Mohandas K. Gandhi ... extracts from a recent article from the New York Times





The last steps, set in concrete, taken by Mohandas K. Gandhi before his assassination in 
1948. They are at the Gandhi Museum in New Delhi.


The article in the New York Times relates that Gandhi's reputation, mostly assumed to be spotless and admirable has been losing its luster in India. Here are some extracts from the article.

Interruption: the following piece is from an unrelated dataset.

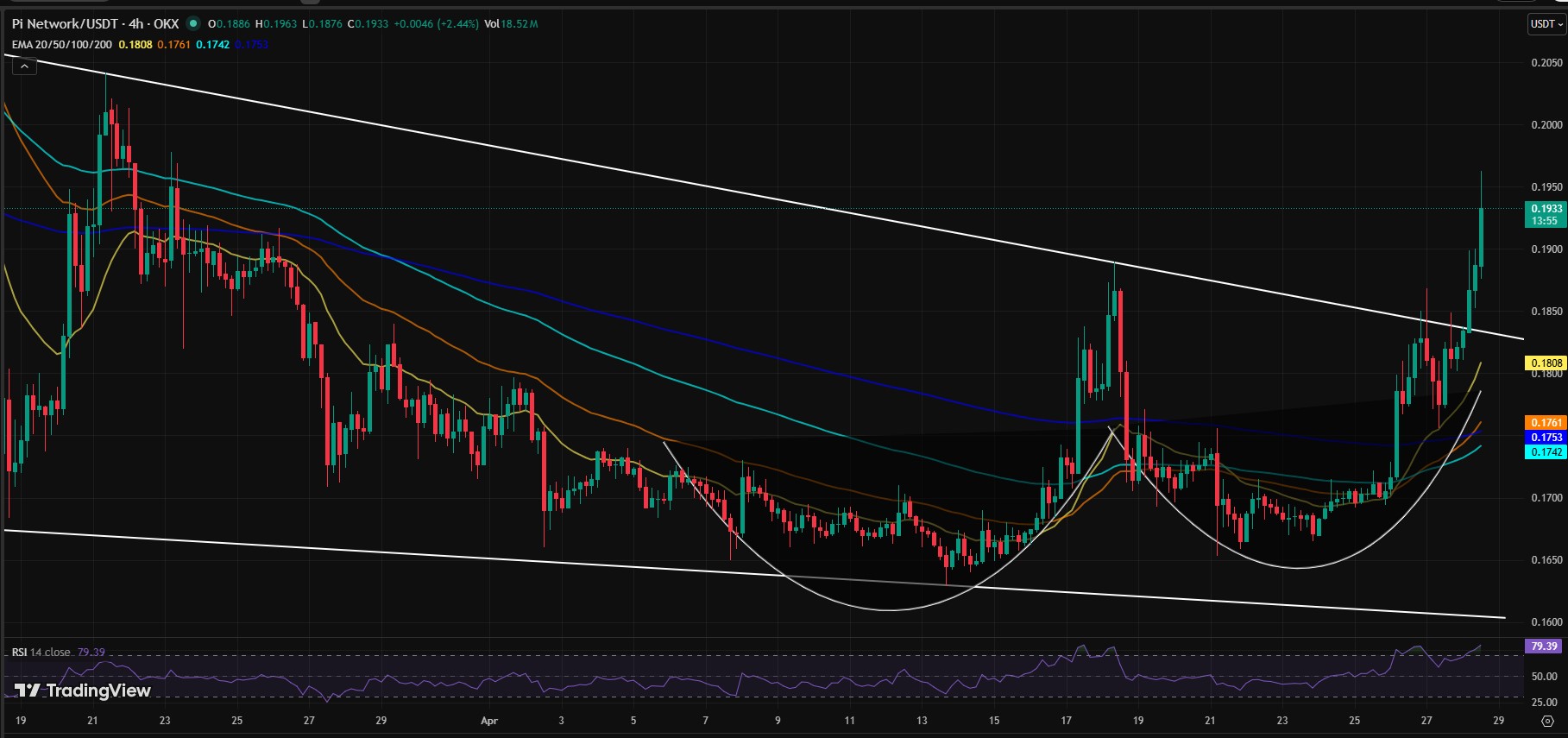 PI/USDT 4 HOUR CHART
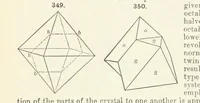 An illustration from A Text-Book of Mineralogy. With an extended treatise on crystallography and physical mineralogy ... on the plan and with the co-operation of ... James D. Dana ... With ... woodcuts ... Newly revised and enlarged. 17th edition, etc (1898)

"Seventy years after his assassination, Gandhi’s global influence is still enormous and his reputation as a force for good remains firmly intact.
Like few others in history, he harnessed the moral firepower of nonviolent resistance, helping wrest India away from the British Empire. His example of what could be achieved with peaceful protest has inspired countless others, across different cultures and different times, from Martin Luther King Jr. to the so-called tank man in Tiananmen Square.

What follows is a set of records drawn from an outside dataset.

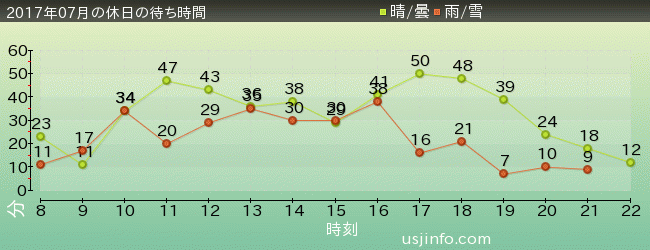 ｼﾞｮｰｽﾞ(R)の2017年7月の待ち時間グラフ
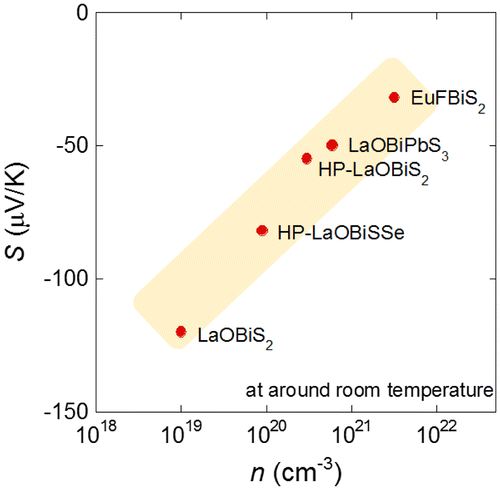 Figure 8. The Seebeck coefficient (S) for several Bi-chalcogenide samples (parent phases) are plotted as a function of the carrier concentration (n) (log scale for n).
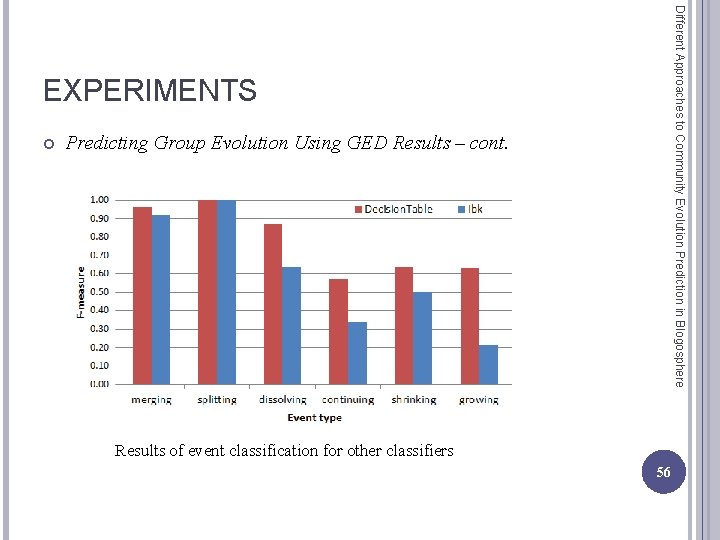 Different Approaches to Community Evolution Prediction in Blogosphere EXPERIMENTS Predicting Group Evolution Using GED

Well into the 21st century, Gandhi’s halo is still bright in most of the world. 
But in contemporary India, Gandhi is no longer quite so awe-inspiring, or even relevant.
As time goes on, he seems to be falling out of sync with the prevailing trends in Indian politics, although politicians still regularly exploit nostalgia for him.
“I am afraid Gandhi has become marginal,” said Pratap B. Mehta, a political scientist who is the vice chancellor of Ashoka University and former president of the Center for Policy Research in New Delhi. “In modern India, the two dominant forces hate him.” Among Hindu nationalists, part of the demographic base that powers India’s governing Bharatiya Janata Party, Gandhi is seen as weak, Mr. Mehta said. Hindu supremacists are still angry at him for expressing so much sympathy for the country’s Muslim minority and for allowing Pakistan to split off from India.Some Hindu nationalists have even built statues of Gandhi’s killer, Nathuram Godse, who was once a member of a Hindu nationalist group that Prime Minister Narendra Modi and many of his political allies also have belonged to. Mr. Godse is India’s real hero, some nationalists say. 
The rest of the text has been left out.